» RECORDS FOR THIS TASK:
------

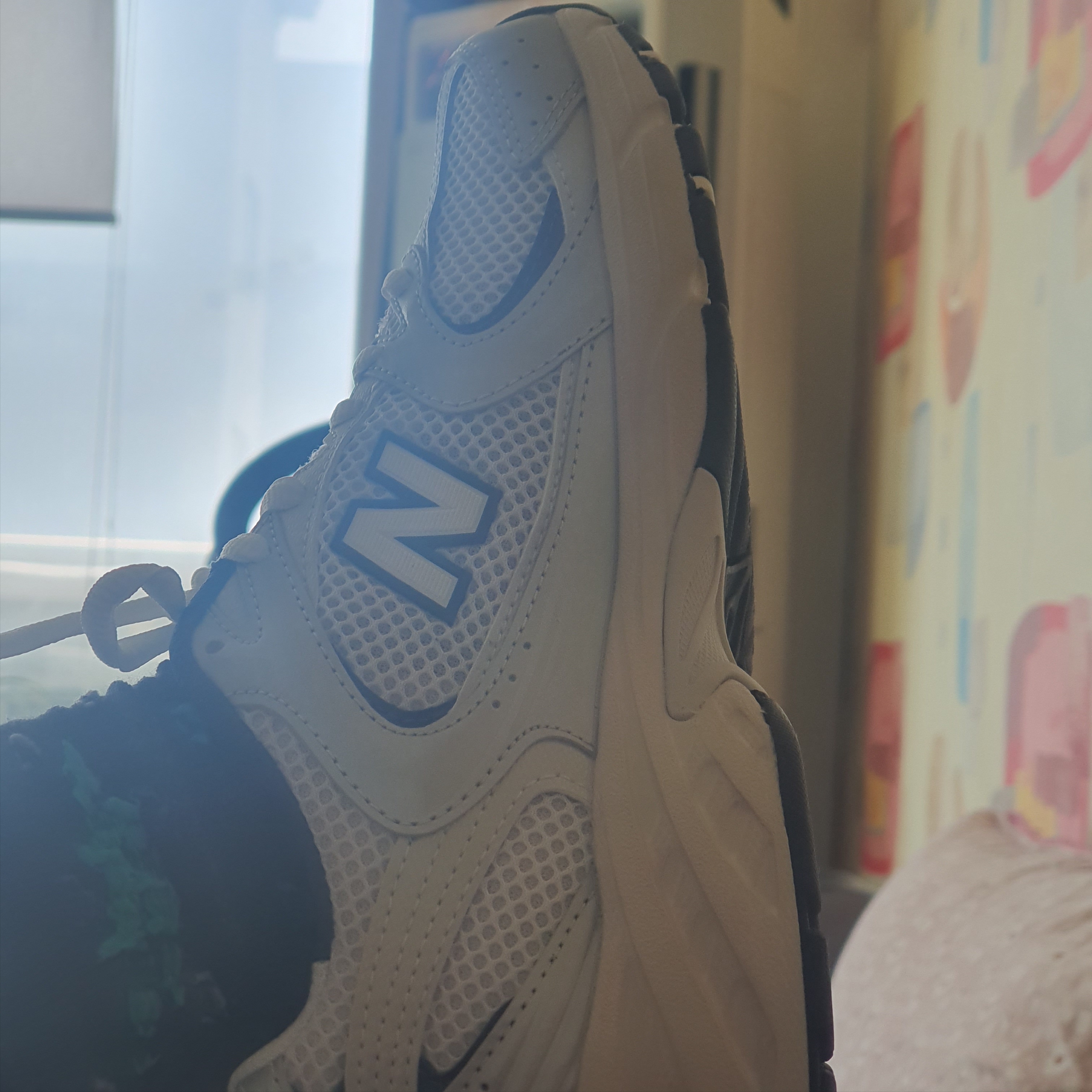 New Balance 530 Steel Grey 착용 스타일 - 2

------

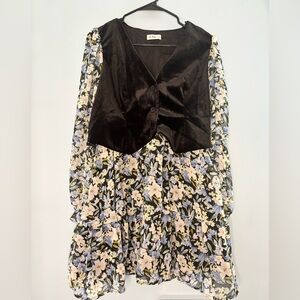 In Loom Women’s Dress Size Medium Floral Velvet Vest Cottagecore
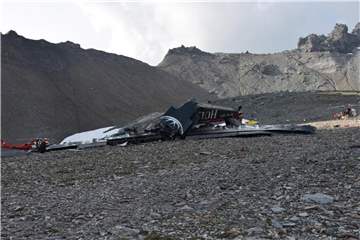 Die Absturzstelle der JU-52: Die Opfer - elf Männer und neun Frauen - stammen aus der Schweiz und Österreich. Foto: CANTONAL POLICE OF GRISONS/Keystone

------

» TASK GOAL:
Drop the pictures; return the lines above from the line containing "In Loom Women’s" to the line containing "Die Absturzstelle der", both included, exactly.

» SOLUTION:
 In Loom Women’s Dress Size Medium Floral Velvet Vest Cottagecore
 Die Absturzstelle der JU-52: Die Opfer - elf Männer und neun Frauen - stammen aus der Schweiz und Österreich. Foto: CANTONAL POLICE OF GRISONS/Keystone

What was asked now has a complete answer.